米国が中国を念頭に導入を目指す低コストの人工知能(AI)無人自律武器システム「レプリケーター」(Replicator)の事業推進が難航していると、米紙ウォール・ストリート・ジャーナル(WSJ)が26日(現地時間)報じた。
WSJは事情に詳しい関係者の話として、この事業が今年8月までに数千機のドローンを配備するという目標を達成できず、現場でのシステム活用方法の模索にも多くの困難があると伝えている。
レプリケーターは、米国防総省が前バイデン政権時の2023年8月に発表した計画で、中国軍の物量攻勢に対抗するため、米軍が18~24か月以内に数千規模のドローンや無人艦艇、ロボットなどの自律武器システムを配備する構想だ。
中国の軍事力増強に備え、低コストの自律兵器を迅速に導入することを目的としていたが、事業の進行が遅れており懸念が高まっている。
一部のレプリケーターシステムは信頼性が低いか、製造コストが高く速度も遅いため、目標数量の達成が困難だと指摘されている。また、様々な企業が製造したドローンを大規模に同時運用・攻撃するソフトウェアの確保も難航しており、このソフトウェアはレプリケーター計画の核心部分である。
こうした状況を受け、国防総省はレプリケーター事業を従来主導していた国防イノベーションユニット(DIU)から、特殊作戦軍傘下の新設組織「国防自律戦闘グループ(DAWG)」に移管した。
DAWGは米軍に必要なドローンを2年以内に確保することが求められており、この切迫したスケジュールは、太平洋地域での戦争に備える米国の切実な認識を反映しているとWSJは説明している。
特殊作戦軍副司令官のフランク・ドノバン中将がレプリケーターを統括している。一方、DIUで事業を主導していたアップル出身のダグ・ベック局長は先月辞任した。
WSJによると、DIUは民間技術の軍への導入で一定の成果を上げたものの、国防総省内の官僚的問題に直面した。技術専門性に乏しい将校らが購入決定を行い、一部のプラットフォームは自律運用に向けて追加開発が必要だったという。
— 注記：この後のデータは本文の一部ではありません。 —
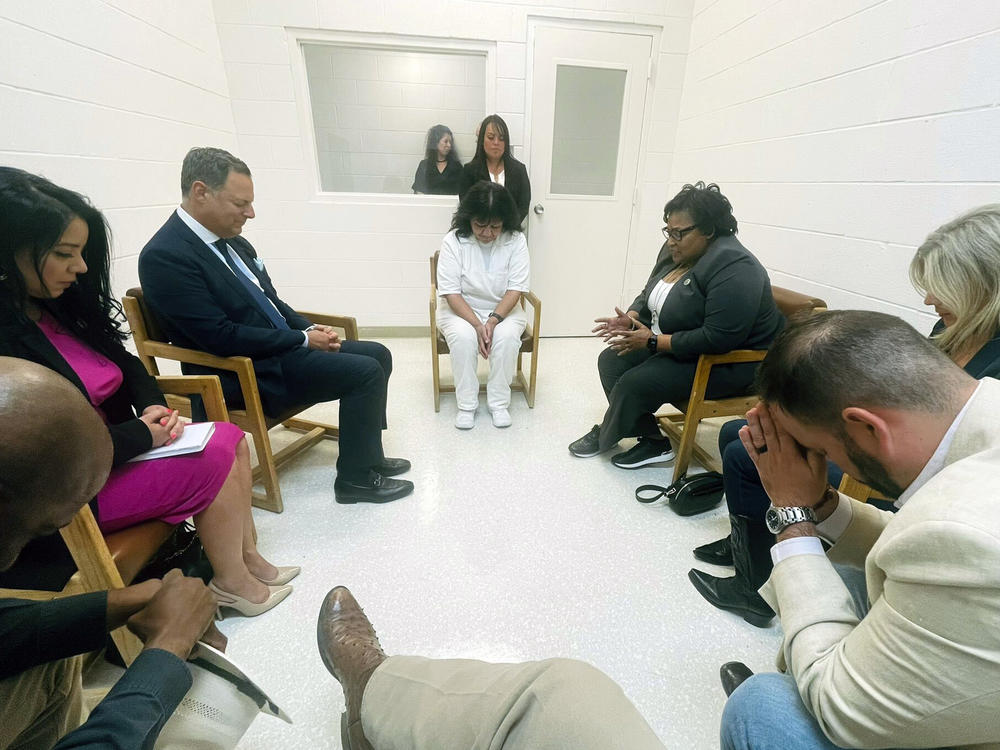 In this April 6, 2022 photo provided by Texas state Rep. Jeff Leach, Texas death row inmate Melissa Lucio, dressed in white, leads a group of seven Texas lawmakers in prayer in a room at the Mountain View Unit in Gatesville, Texas.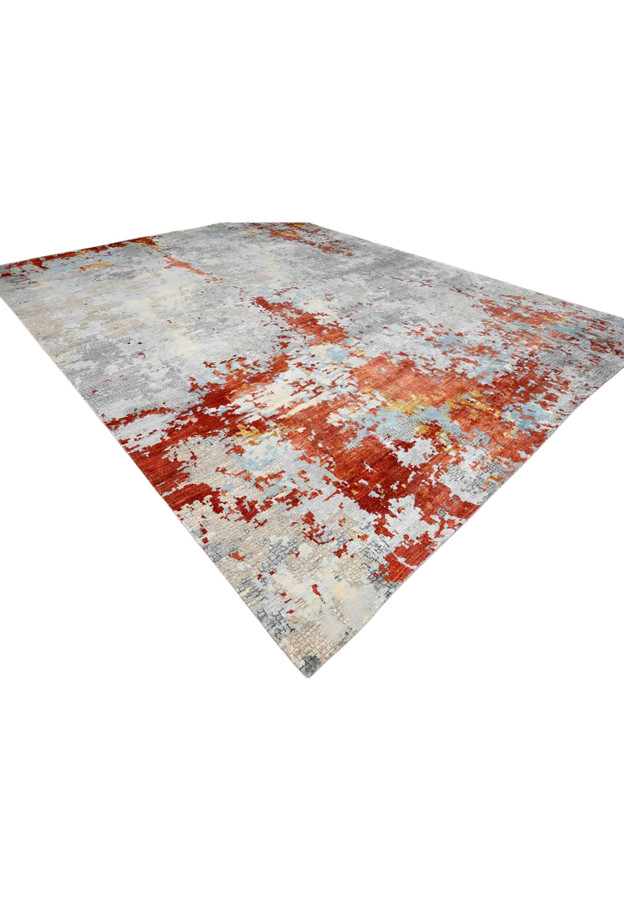 Angled view of 14x18 contemporary wool and silk rug with rust red and light blue abstract field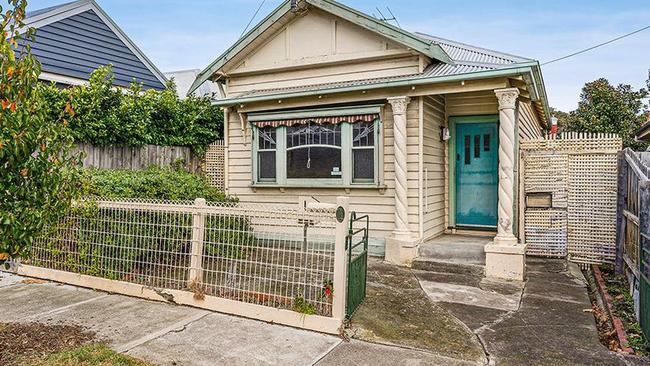 The house has a kitchen and meals area overlooking a rear yard, plus a separate laundry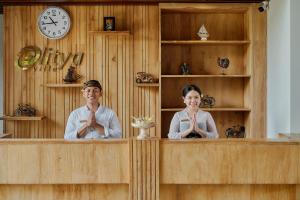 a man and a woman sitting in front of a mirror at Elitya Ubud Villa in Ubud +195 photos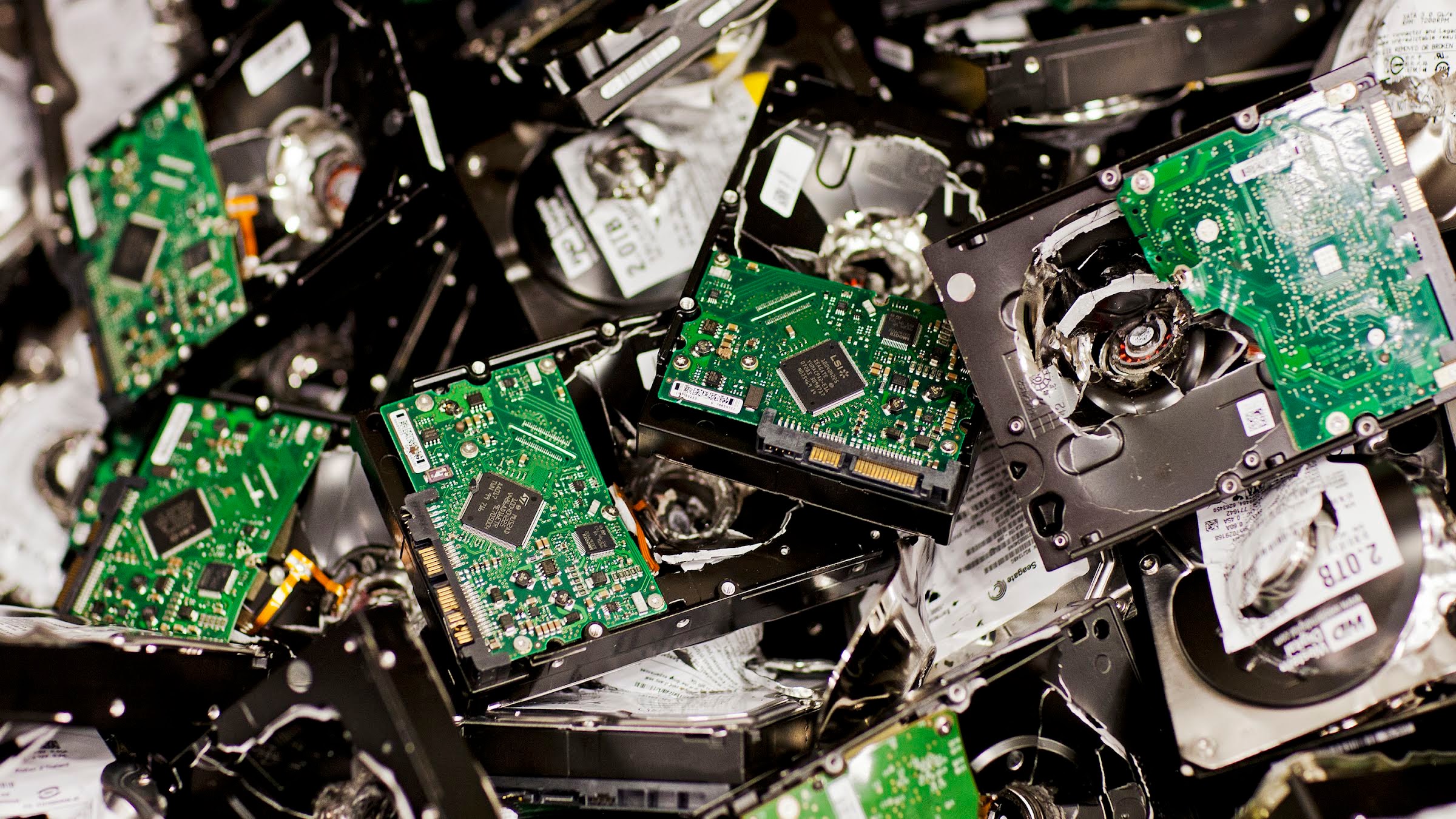 Closeup of many small circuit boards in a pile.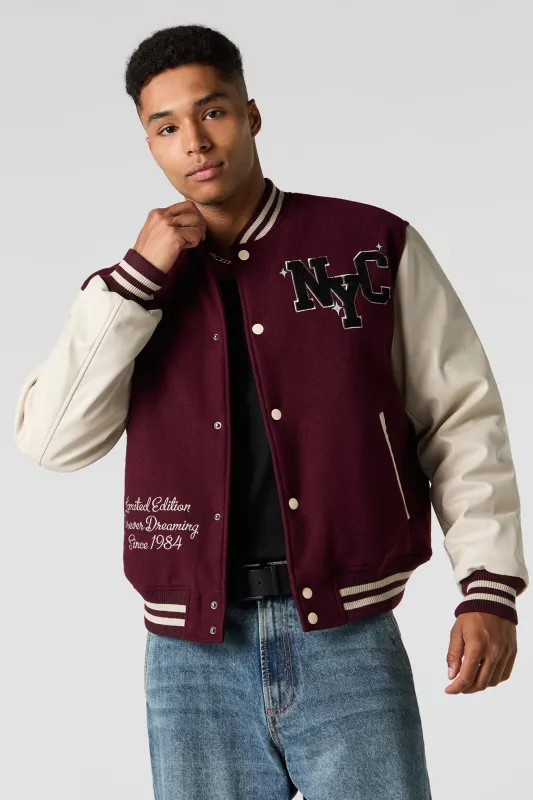 Faux Leather Sleeve Fleece Varsity Jacket sold by Urban Planet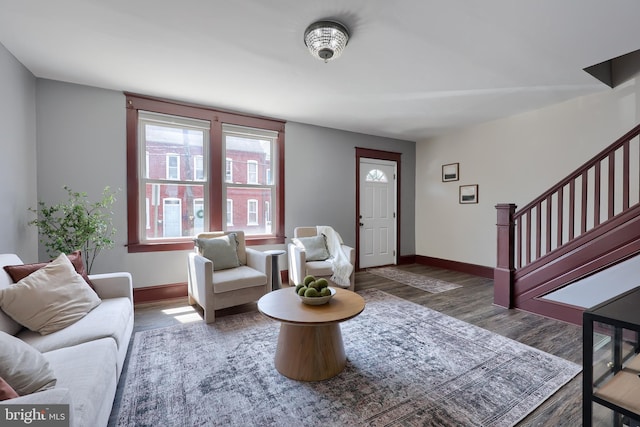 foyer entrance featuring baseboards, stairs, and wood finished floors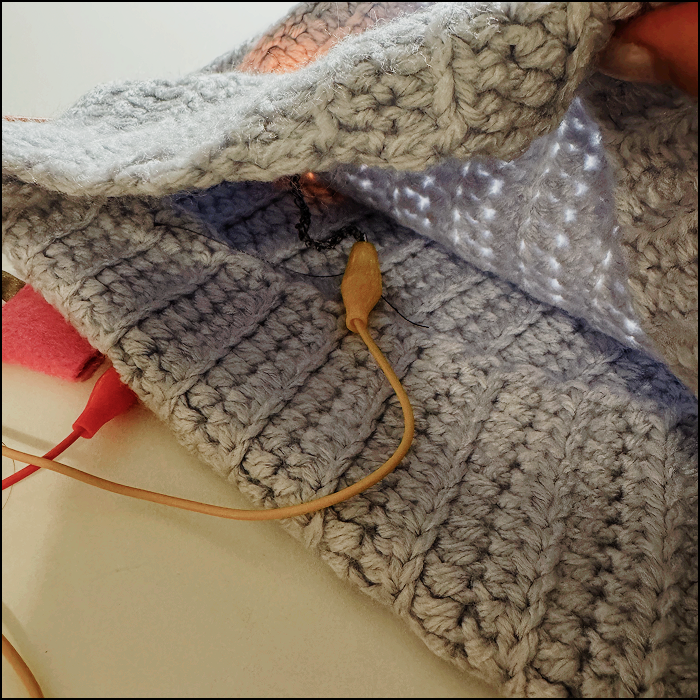 Working simple circuit hidden underneatht the crochet fabric material inside view with circuit visible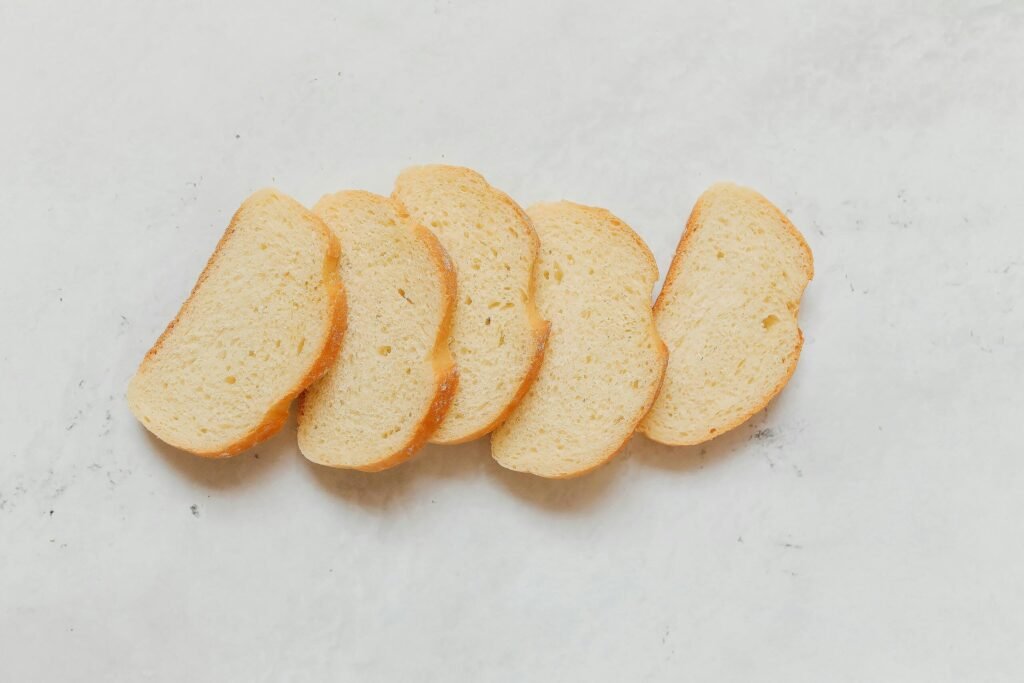 Sliced white bread arranged neatly for a rustic food presentation.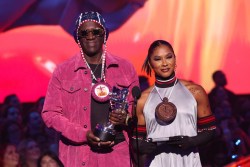 ELMONT, NEW YORK - SEPTEMBER 11: (L-R) Flavor Flav and Jordan Chiles speak on stage during the 2024 MTV Video Music Awards at UBS Arena on September 11, 2024 in Elmont, New York.  (Photo by Mike Coppola/Getty Images for MTV)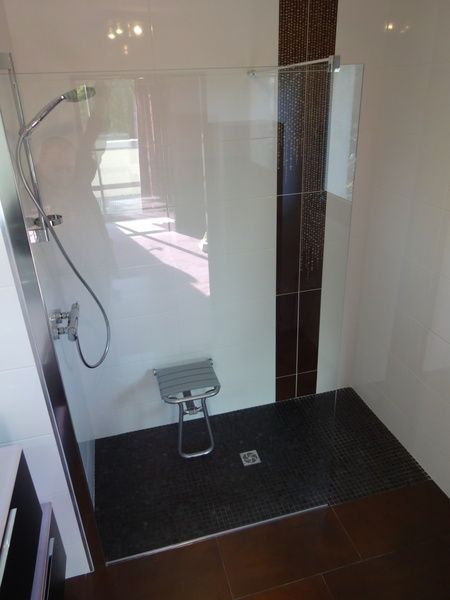 Douche à l'italienne accessible avec paroi en verre, pommeau de douche amovible et sol carrelé noir.
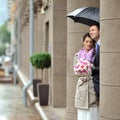 Wedding couple in a rainy day hiding from rain Royalty Free Stock Photo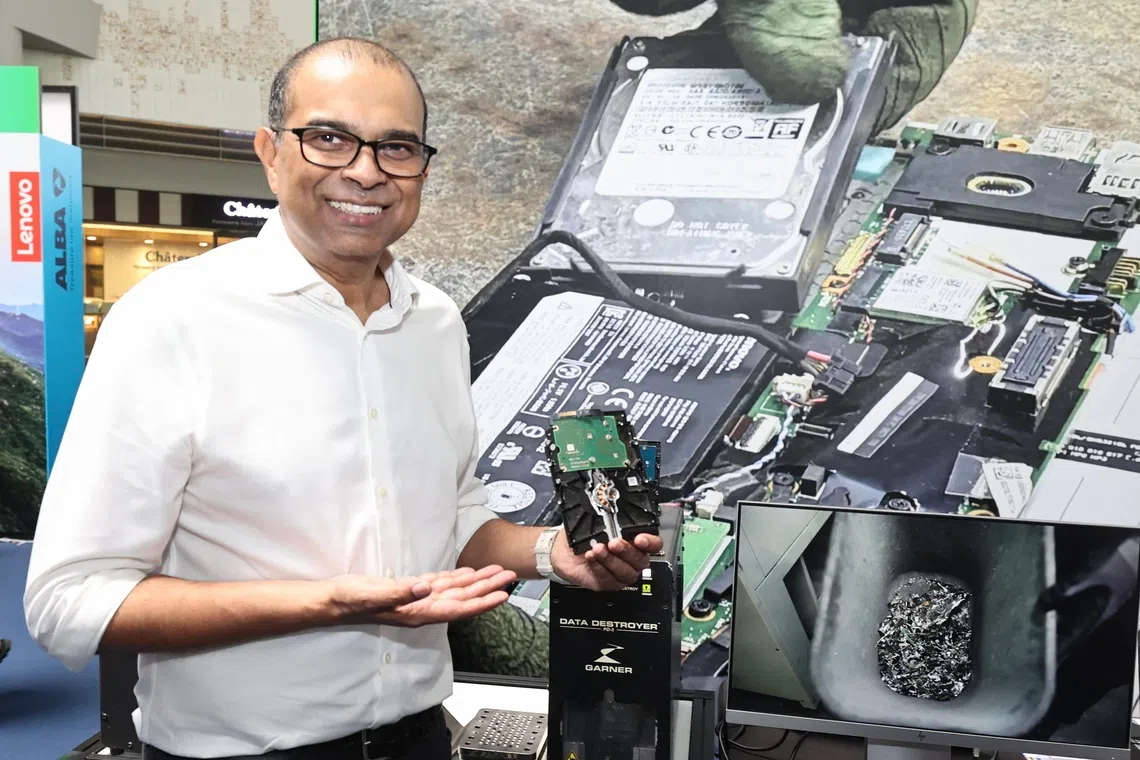 CMG20261010-ChewKW01 / 周国威 / 周岳翔 / International E-Waste Day 2026 、 GOH is Dr Janil Puthucheary, Ministry of Sustainability and the Environment and Ministry of Education ( Kampong Admiralty ). . SMS Janil holding up a crushed and destroyed hard disk that he just help to process the hard disk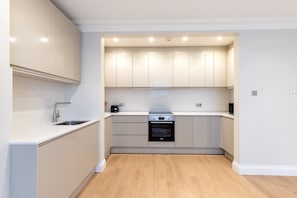 A modern kitchen with white cabinetry, a built-in oven, and a stainless steel sink. - Pimlico 2-Bed | Victoria & Belgravia (London)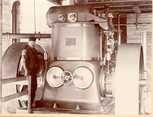   The Westinghouse steam engine, nicknamed Jumbo, that powered the hollander section of Hovilanhaara paper mill with machine supervisor M. Rolig.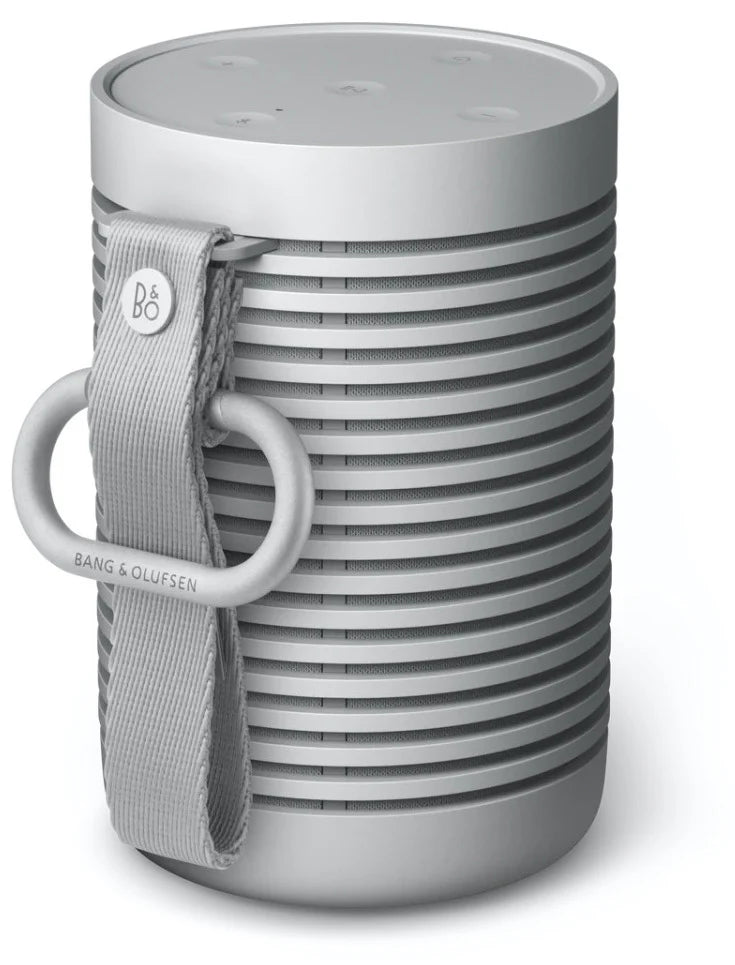Bang & Olufsen Beosound Explore portable speaker with back carabiner for easy outdoor use and secure attachment.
典型例として、防衛企業ブラックシー・テクノロジーズ製の無人艇数百隻を購入したが、この装備は太平洋で必要とされる複雑な長距離任務には適していなかった。それでも海軍の将校らは技術的限界を理解しないまま購入を推進した。
さらに、軍がソフトウェア構成体系を何度も変更したため、システムが不必要に複雑化し、それに伴いコスト増加と事業遅延を招いた。最大の購入品目の一つである「スイッチブレード600」ドローンは、ウクライナで性能問題が報告されており、米軍分析では通信妨害下で脆弱になる可能性が指摘されている。
一方で、レプリケーターはわずか2年で相当な成果も上げている。関係者によれば、この事業は新しいドローンシステムの購入・試験・開発を促進し、自律技術の進展を加速させ、従来の武器購入手続きを数年短縮したという。この手法は現在、国防総省の他の事業にも応用されている。